Hieronder worden de betreffende vragen van een reactie voorzien.

PZO-ZZP en de Zorg Professional hebben een aantal vragen gesteld over modelcontracten:

  • Ten aanzien van de modelcontracten is gebleken dat FNV Zelfstandigen en BTN een initiatiefrol hebben gekregen met uw Ministerie. Wat is de reden dat de taskforce, die dit ZZP-proces intensief heeft gevolgd, hierover niet is benaderd, noch geïnformeerd?

  • Daarbij rijst tevens de vraag waarom andere ZZP organisaties en hun achterbannen niet zijn betrokken bij dit proces. Dit in verband met de vergaande borging van het met zzp’ers praten in plaats van over zzp’ers.
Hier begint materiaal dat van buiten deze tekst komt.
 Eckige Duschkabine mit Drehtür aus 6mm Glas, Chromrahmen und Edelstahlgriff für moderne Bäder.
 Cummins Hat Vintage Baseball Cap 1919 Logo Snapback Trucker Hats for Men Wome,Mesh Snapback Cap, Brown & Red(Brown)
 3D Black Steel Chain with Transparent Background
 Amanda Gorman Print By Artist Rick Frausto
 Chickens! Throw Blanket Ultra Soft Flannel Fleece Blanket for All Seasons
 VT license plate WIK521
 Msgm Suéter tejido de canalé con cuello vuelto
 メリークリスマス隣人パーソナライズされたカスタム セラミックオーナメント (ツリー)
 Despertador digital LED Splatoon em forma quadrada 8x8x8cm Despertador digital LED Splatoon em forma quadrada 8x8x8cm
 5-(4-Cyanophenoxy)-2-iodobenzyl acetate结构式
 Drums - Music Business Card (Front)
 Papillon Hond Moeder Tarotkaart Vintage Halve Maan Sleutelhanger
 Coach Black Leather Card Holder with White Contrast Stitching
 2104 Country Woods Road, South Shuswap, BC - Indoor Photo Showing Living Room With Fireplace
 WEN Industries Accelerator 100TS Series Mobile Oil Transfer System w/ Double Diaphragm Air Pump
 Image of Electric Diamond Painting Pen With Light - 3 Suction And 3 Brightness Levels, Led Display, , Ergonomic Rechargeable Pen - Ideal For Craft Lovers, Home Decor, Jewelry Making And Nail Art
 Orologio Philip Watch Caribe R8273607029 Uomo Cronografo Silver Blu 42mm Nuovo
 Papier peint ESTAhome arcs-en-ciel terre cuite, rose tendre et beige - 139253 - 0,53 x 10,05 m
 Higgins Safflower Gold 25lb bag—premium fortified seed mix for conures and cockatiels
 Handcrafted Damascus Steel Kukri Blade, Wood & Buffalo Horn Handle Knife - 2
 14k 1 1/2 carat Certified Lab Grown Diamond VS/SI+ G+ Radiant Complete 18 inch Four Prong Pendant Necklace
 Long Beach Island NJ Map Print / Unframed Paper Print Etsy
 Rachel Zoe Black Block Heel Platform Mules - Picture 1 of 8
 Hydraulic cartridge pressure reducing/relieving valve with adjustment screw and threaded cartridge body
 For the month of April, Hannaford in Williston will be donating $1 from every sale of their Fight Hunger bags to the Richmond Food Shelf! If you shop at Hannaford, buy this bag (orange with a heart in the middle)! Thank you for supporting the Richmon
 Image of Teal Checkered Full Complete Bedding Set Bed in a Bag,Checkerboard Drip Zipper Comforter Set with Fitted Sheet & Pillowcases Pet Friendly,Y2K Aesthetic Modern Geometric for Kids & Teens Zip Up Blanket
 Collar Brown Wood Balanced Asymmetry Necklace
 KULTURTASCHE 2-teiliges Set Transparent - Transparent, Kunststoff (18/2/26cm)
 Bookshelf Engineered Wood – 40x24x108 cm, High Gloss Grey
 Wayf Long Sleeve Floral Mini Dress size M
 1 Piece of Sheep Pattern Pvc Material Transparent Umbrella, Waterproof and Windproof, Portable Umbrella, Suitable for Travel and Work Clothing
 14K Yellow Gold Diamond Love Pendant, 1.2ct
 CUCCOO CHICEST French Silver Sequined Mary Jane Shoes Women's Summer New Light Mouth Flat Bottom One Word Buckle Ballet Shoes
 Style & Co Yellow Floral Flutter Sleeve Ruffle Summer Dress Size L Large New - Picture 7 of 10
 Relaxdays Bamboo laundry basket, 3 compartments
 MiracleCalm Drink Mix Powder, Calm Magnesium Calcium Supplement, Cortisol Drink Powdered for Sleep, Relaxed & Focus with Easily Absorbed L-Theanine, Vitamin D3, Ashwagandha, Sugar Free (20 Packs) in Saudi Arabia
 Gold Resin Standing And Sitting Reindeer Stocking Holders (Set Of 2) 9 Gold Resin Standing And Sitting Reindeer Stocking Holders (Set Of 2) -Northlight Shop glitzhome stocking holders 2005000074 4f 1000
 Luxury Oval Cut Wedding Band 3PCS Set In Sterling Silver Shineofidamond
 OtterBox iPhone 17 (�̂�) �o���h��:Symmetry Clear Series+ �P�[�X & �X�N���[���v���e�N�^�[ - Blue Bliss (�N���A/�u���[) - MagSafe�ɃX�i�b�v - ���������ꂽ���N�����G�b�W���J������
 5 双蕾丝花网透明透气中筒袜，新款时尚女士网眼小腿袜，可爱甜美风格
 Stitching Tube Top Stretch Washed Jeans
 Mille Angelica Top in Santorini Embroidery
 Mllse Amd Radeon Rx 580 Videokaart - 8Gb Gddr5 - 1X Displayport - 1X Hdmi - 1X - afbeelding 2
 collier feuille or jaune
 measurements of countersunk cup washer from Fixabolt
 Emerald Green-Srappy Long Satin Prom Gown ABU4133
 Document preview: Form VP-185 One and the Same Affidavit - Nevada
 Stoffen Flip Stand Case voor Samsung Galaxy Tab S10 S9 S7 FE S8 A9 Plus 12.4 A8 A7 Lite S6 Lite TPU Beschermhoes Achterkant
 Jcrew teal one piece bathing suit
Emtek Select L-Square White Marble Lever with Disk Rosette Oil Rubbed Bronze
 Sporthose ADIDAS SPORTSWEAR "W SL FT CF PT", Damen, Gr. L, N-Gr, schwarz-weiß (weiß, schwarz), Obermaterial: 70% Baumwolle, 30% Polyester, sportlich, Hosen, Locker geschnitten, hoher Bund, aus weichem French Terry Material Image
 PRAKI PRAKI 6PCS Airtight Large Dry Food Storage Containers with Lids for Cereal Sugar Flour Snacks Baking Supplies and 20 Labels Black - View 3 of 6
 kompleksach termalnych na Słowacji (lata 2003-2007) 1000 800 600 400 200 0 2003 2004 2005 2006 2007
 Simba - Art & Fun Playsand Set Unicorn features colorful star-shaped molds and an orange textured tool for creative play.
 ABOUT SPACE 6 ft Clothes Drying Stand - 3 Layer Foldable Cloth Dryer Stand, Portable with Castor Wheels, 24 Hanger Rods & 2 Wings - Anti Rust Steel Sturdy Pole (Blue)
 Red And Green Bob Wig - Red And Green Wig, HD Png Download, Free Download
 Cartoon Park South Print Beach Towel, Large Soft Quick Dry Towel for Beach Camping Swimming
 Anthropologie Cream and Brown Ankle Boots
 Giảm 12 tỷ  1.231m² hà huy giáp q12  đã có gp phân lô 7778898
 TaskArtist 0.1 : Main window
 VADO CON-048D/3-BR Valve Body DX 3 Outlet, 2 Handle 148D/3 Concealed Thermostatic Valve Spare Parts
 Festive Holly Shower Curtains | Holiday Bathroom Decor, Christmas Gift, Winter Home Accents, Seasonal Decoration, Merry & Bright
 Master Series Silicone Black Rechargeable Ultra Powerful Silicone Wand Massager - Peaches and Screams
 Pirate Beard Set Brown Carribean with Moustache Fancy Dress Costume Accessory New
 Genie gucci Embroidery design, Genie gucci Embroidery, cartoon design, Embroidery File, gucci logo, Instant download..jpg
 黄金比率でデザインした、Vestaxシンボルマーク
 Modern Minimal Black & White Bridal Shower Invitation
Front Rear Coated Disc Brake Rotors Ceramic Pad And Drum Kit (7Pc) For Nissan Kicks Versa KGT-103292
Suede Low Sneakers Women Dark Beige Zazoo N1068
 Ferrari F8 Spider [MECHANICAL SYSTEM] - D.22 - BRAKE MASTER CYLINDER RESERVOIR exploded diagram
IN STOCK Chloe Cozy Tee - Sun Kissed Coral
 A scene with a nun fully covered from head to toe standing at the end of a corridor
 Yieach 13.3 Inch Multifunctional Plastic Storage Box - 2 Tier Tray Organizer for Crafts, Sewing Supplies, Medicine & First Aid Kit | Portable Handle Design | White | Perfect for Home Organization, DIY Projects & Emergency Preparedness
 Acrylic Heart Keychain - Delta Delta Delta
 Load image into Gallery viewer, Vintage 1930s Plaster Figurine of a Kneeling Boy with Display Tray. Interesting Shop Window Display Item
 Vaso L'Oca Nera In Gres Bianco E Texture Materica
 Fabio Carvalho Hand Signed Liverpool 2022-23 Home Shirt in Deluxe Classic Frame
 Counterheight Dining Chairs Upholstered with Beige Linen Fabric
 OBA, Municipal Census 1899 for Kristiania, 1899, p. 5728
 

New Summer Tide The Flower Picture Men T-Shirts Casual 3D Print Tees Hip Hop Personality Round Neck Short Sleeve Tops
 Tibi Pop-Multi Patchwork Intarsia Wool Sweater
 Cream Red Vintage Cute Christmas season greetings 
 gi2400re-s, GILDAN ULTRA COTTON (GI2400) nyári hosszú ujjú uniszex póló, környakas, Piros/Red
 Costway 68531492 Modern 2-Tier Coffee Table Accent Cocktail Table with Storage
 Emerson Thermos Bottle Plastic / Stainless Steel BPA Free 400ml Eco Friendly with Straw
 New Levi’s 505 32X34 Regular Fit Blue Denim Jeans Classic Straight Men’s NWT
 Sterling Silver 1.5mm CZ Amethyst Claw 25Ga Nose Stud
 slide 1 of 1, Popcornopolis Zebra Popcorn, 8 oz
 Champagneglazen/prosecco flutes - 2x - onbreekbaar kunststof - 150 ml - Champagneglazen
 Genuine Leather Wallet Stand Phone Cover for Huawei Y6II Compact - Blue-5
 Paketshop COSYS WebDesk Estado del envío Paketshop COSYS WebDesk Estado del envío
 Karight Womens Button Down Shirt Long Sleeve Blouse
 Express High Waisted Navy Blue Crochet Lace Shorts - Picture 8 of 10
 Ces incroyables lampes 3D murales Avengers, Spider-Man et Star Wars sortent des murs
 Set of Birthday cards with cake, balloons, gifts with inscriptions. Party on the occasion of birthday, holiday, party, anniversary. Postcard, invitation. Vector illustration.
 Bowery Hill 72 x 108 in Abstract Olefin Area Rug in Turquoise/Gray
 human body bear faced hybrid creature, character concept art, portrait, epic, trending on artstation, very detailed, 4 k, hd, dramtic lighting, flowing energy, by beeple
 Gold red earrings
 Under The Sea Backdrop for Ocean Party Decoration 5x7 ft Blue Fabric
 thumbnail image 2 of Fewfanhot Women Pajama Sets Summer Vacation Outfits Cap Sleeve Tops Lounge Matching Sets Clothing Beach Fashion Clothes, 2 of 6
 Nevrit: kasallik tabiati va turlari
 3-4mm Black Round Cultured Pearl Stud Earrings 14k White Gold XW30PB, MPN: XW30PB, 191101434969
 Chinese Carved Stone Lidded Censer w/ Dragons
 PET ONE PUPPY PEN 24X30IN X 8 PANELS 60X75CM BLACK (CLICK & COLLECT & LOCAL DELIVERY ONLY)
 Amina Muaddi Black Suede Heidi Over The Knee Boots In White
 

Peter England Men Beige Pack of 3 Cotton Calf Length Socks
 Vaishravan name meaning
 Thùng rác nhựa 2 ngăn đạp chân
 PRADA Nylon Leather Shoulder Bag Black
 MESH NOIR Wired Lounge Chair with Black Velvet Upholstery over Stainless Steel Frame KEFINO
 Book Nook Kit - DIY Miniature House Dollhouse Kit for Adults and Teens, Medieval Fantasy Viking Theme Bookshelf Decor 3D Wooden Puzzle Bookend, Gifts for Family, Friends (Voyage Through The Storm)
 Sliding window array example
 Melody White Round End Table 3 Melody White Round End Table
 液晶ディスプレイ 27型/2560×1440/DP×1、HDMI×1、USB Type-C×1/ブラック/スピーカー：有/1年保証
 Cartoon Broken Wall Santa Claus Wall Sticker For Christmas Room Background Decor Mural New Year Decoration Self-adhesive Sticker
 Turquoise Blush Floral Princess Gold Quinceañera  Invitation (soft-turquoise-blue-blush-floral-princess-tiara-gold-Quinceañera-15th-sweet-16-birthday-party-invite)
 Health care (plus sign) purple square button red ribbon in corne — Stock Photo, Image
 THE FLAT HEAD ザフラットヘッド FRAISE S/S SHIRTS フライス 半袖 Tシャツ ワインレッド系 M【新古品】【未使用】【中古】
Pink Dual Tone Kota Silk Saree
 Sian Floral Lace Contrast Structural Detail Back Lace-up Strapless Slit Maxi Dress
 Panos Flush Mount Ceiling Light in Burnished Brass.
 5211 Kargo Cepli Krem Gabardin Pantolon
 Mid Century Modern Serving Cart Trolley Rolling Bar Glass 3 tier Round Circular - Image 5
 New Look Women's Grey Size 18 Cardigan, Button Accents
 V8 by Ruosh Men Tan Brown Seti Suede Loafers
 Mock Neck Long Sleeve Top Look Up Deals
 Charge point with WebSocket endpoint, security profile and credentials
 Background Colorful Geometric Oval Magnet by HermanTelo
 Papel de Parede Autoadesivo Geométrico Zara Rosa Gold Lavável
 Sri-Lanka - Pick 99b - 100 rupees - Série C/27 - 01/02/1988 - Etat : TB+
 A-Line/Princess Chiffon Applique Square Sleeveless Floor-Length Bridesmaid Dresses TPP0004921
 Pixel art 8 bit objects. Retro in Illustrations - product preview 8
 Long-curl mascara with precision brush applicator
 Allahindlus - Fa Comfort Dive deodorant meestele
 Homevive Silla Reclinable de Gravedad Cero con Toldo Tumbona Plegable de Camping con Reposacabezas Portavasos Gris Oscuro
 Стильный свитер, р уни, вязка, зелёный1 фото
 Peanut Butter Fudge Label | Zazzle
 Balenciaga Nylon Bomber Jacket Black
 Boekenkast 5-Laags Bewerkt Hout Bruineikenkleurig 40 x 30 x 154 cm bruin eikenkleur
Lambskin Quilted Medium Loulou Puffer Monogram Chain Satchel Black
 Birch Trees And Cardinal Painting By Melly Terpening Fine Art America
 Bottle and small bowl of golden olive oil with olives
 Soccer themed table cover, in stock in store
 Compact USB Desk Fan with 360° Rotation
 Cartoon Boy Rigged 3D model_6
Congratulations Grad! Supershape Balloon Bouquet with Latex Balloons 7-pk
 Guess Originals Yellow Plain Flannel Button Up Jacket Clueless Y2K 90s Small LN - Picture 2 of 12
  • In lijn met bovenstaande zou het wenselijk zijn dat andere belanghebbende partijen inzicht krijgen in het concept dat er zou liggen.

  • De vele ontslagen in de thuiszorg leidt bij veel zorgverleners tot de vraag of werken in zelfstandigheid voor hen een optie is. Tegelijk moet schijnzelfstandigheid worden voorkomen. Des te meer vraagt dit om spoedige helderheid over de juiste modellen voor verzekeraars, opdrachtgevers en zzp’ers. Een trage procesgang werkt knellend voor alle partijen, niet in de laatste plaats bij de cliënt die zijn of haar zorgverlener wil behouden.

Ik ben het met PZO-ZZP en de Zorg Professional eens dat het van belang is dat er snel modellen komen ten aanzien van zorgverlening door zzp’ers, zodat er meer duidelijkheid ontstaat over wanneer er sprake is van werken buiten dienstbetrekking. Het belang hiervan is ook al eerder door het kabinet onderstreept in zijn brief Zzp’er in de zorg1 van 10 oktober 2014. Daarbij dient opgemerkt te worden dat de goedkeuring van beoordeelde voorbeeldovereenkomsten zich echter niet kan uitstrekken tot de vraag of de zzp’er fiscaal als ondernemer kan worden aangemerkt. Dat is namelijk ook afhankelijk van andere individuele feiten en omstandigheden, zoals het aantal opdrachtgevers en de omzet van de zzp’er, die niet geregeld worden in een overeenkomst tussen een zorginstelling en zorgverlener.

De ontwikkeling van voorbeeldovereenkomsten is een samenspel tussen enerzijds veldpartijen en anderzijds de Ministeries van VWS en Financiën. Veldpartijen ontwikkelen hun voorbeeldovereenkomsten en leggen die voor aan het Ministerie van VWS en de Belastingdienst. VWS en de Belastingdienst beoordelen deze overeenkomsten en geven indien nodig aan op welke onderdelen de voorbeeldovereenkomsten moeten worden aangepast om goedgekeurd te kunnen worden.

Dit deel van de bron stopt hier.